[Opening Data records section]
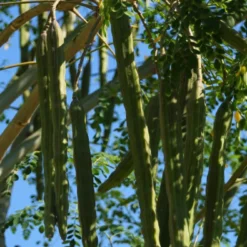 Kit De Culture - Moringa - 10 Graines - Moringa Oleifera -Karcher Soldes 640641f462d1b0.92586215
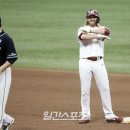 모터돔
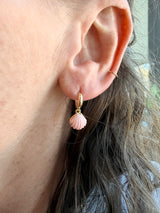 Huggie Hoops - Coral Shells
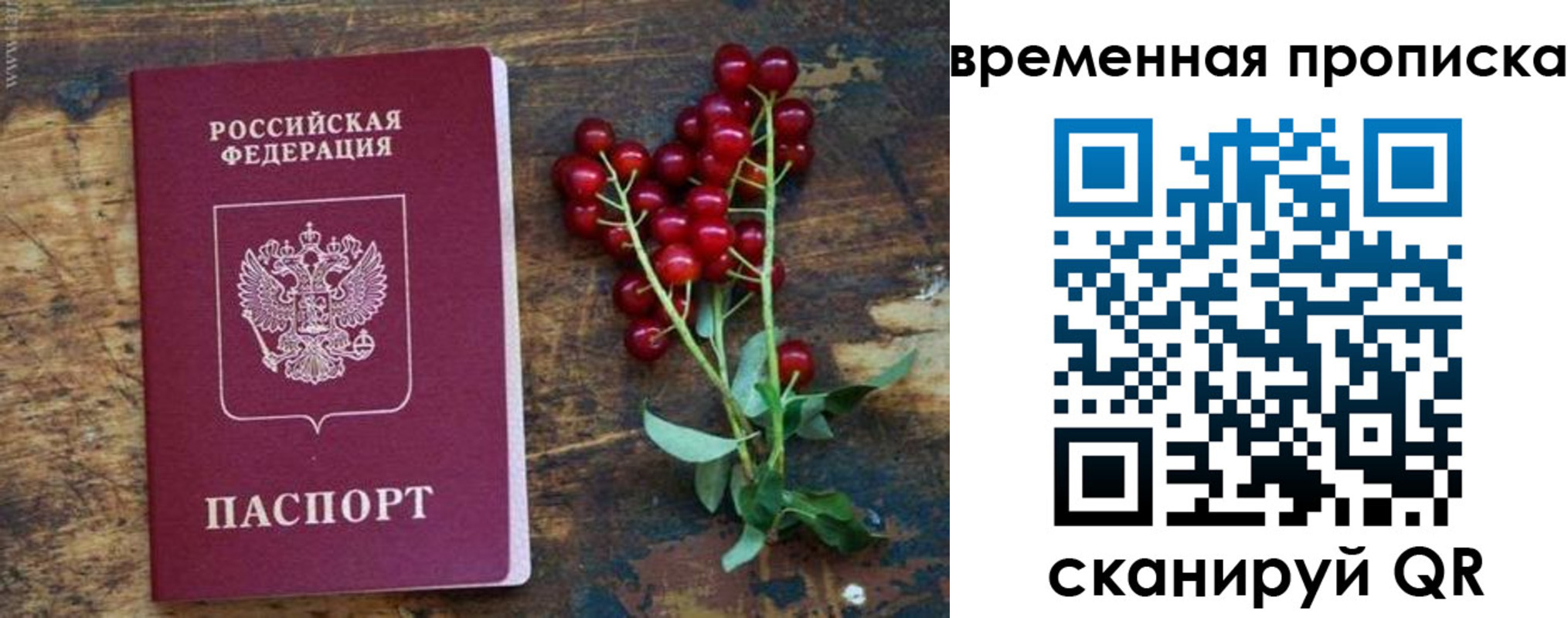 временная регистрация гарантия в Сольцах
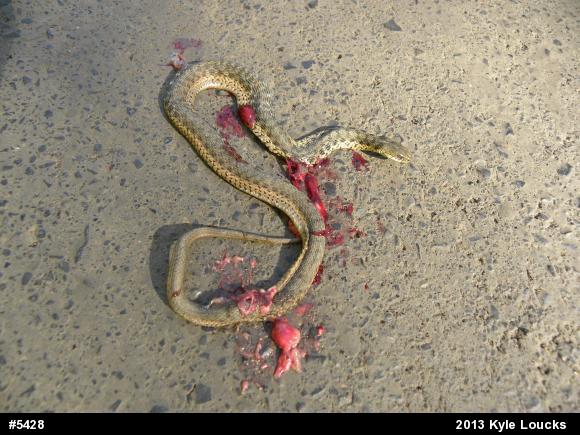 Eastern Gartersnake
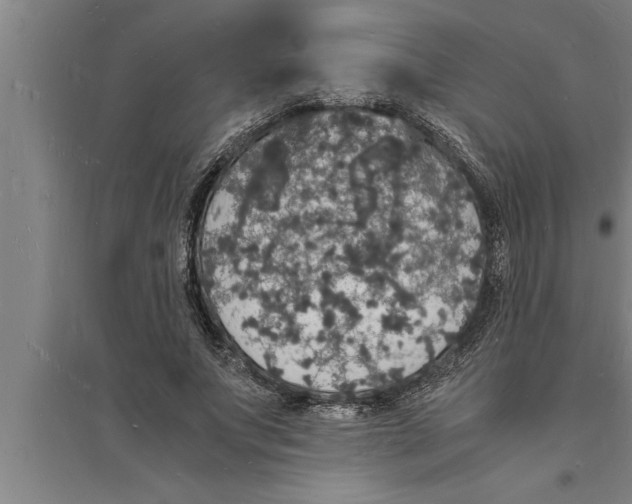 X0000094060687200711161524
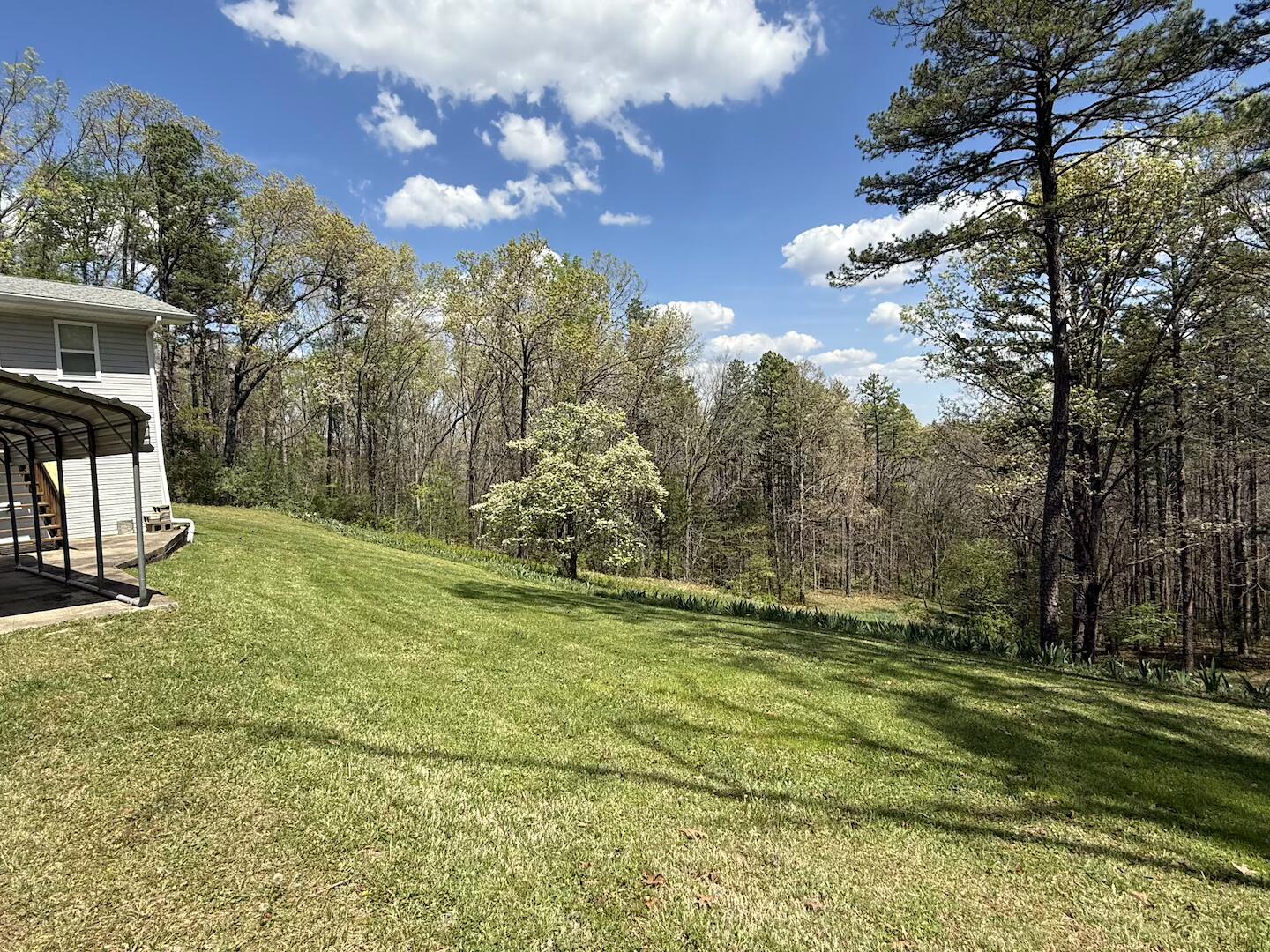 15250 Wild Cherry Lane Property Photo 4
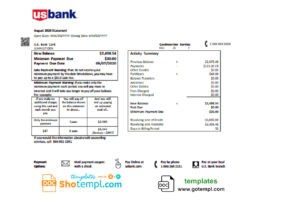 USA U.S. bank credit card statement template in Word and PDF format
[Closing Data records section]
Assigned task
The answer consists of the lines from the one holding "временная регистрация гарантия в Сольцах" to the end of the records, inclusive, restated exactly and without pictures.

Final answer
 временная регистрация гарантия в Сольцах
 Eastern Gartersnake
 X0000094060687200711161524
 15250 Wild Cherry Lane Property Photo 4
 USA U.S. bank credit card statement template in Word and PDF format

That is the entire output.